→ TASK DESCRIPTION
Repeat the data exactly as given below, dropping every picture.

→ DATASET SECTION
■ ■ ■
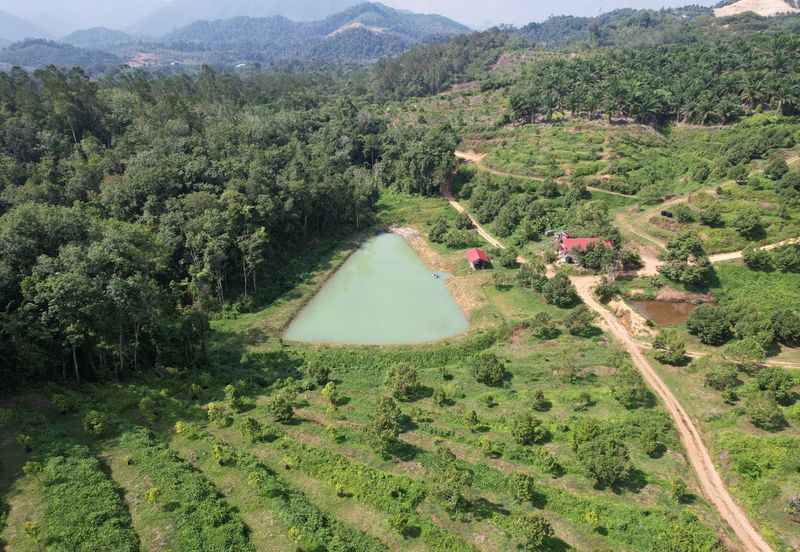 Gua Musang, High-quality durian orchard for sale, the first choice for orchard investment!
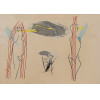 <p>Leonilson - Sem título - pastel seco sobre papel - 35 x 5 - canto inferior esquerdo - 1985</p><br /><p>Obra certificada e registrada e no Projeto Leonilson</p> <p>Leonilson - Sem título - pastel seco sobre papel - 35 x 5 - canto inferior esquerdo - 1985</p><br /><p>Obra certificada e registrada e no Projeto Leonilson</p>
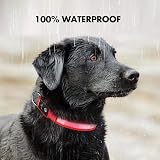 MASBRILL Light Up Dog Collar LED USB Rechargeable Red L Waterproof view 5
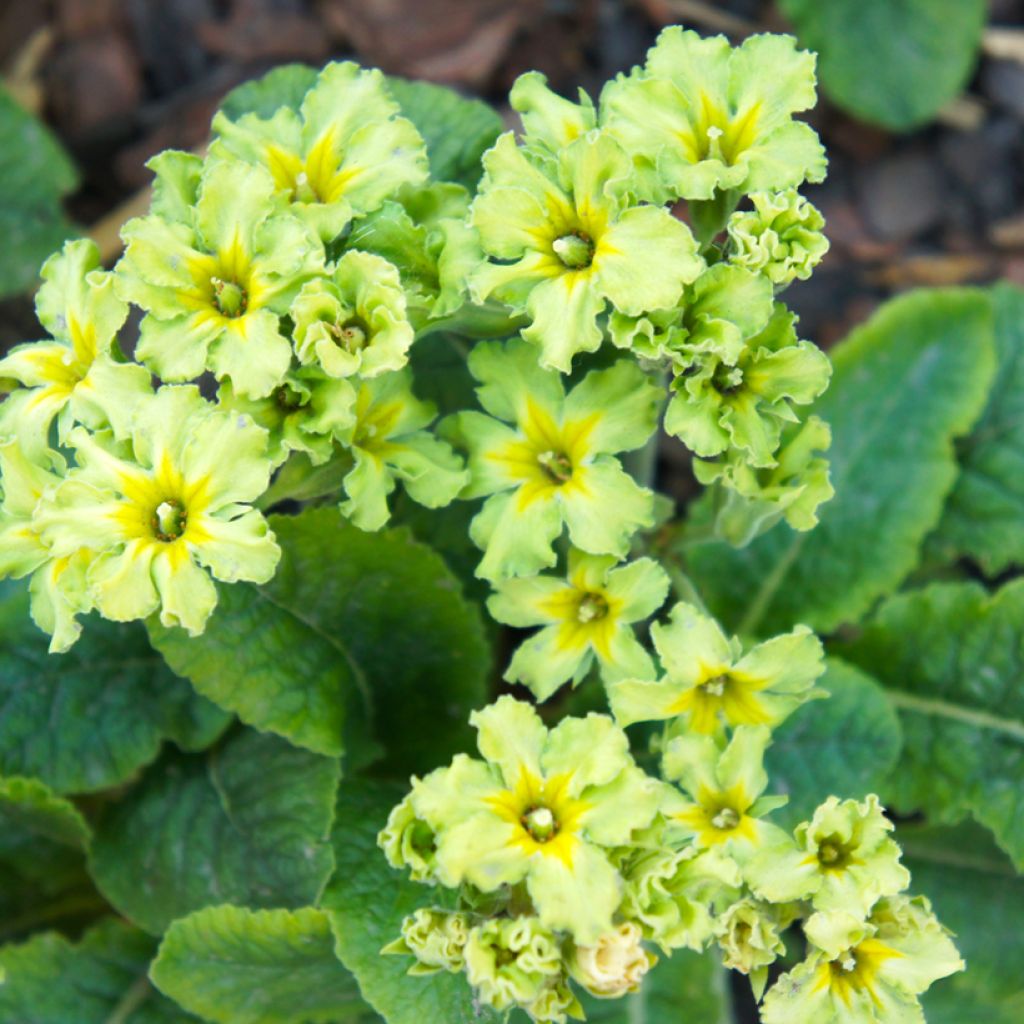 Primula Francesca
■ ■ ■
→ ANSWER
 Gua Musang, High-quality durian orchard for sale, the first choice for orchard investment!
 <p>Leonilson - Sem título - pastel seco sobre papel - 35 x 5 - canto inferior esquerdo - 1985</p><br /><p>Obra certificada e registrada e no Projeto Leonilson</p> <p>Leonilson - Sem título - pastel seco sobre papel - 35 x 5 - canto inferior esquerdo - 1985</p><br /><p>Obra certificada e registrada e no Projeto Leonilson</p>
 MASBRILL Light Up Dog Collar LED USB Rechargeable Red L Waterproof view 5
 Primula Francesca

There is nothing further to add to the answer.